This is not the same thing a predestination, nor determinism, though it shares with them some implications: what we are placing where our illusion of free will used to be are systems, structures and flows of chreostochasticity.

The action potential threshold which Dr C describes is repeated across the components of our body, and across the bodies of those with whom we interact. Each of us is a huge chaotic but chreostochastic system of such potential thresholds, composed of chaotic but chreostochastic subsystems (eye, brain, liver...) and also part of the larger chaotic but chreostochastic system which is interaction between multiple individuals (human or otherwise) and their environment.

What decides whether General Loan's trigger finger twitches or doesn't twitch? Not just an action potential flipflop in his brain, responding to a signal along the optic nerve, but an uncountably large number of flipflops in the optic, auditory, olfactory systems, within the brain itself. The complex sensory responses are in turn decided by unimaginably complex interactions in the surroundings, encompassing human activity and such things as the drift of the breeze with smells of cordite and perfume, the pheromones of fear and rage, the sounds of life and death. Shifting potentials within his brain are shaped by holographic storage of past memory. Whether a suspected Vietcong sympathiser lives or dies in Saigon depends not just on the binary states of General Loan but on whether or not a butterfly flaps its wings in Argentina.

So, this is not predestination. Because nobody, however all seeing, could predict years in advance whether that man in Saigon will live or die.

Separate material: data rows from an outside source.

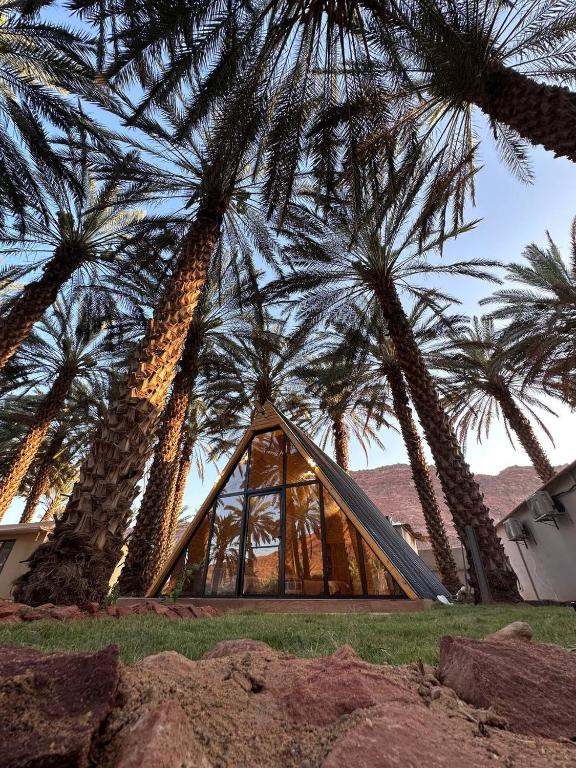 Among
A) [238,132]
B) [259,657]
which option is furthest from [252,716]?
[238,132]

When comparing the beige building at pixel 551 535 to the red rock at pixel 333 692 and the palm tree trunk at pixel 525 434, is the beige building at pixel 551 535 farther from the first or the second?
the red rock at pixel 333 692

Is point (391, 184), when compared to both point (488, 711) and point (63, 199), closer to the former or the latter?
point (488, 711)

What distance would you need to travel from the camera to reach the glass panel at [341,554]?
810cm

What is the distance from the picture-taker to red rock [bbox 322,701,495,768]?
852 mm

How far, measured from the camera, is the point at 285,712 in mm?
1204

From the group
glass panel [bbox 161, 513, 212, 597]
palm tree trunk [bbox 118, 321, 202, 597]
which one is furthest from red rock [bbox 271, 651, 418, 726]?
palm tree trunk [bbox 118, 321, 202, 597]

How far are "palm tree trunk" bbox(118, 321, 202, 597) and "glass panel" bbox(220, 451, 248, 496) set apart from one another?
5.73 feet

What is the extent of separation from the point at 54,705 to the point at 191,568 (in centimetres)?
935

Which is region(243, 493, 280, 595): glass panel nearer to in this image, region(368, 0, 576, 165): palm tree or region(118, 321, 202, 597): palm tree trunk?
region(118, 321, 202, 597): palm tree trunk

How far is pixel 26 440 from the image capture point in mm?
12836

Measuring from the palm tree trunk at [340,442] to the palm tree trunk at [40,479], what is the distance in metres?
13.7

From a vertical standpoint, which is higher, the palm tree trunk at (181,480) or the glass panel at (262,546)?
the palm tree trunk at (181,480)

He is like Schrödinger's Cat, but in an infinitely more complex lottery: whether he lives or dies depends on how an ungraspably (and unmodelably) complex web of chance factors play out.

Nor, incidentally, does it stop there. Because, if the suspicions of physicists are justified, none of it exists anyway. Everything, from a hydrogen atom up through nerve and action potential to human being to star to galaxy is not real at all but a series of configurations of pure information - as if we were virtual simulations inside an immense computer.

Is there, anywhere in that huge chaotic but chreostochastic universe, which allows for General Loan to influence aspects of how the potentials flow? Perhaps so (we cannot fully describe our system from within) but it's impossible to tell, and I have not one scrap of evidence to support a legitimate assertion that it is so. Eddington and others suggested that quantum theory opens up again the possibility of free will, but that is not a straw at which I can, in good conscience, grasp.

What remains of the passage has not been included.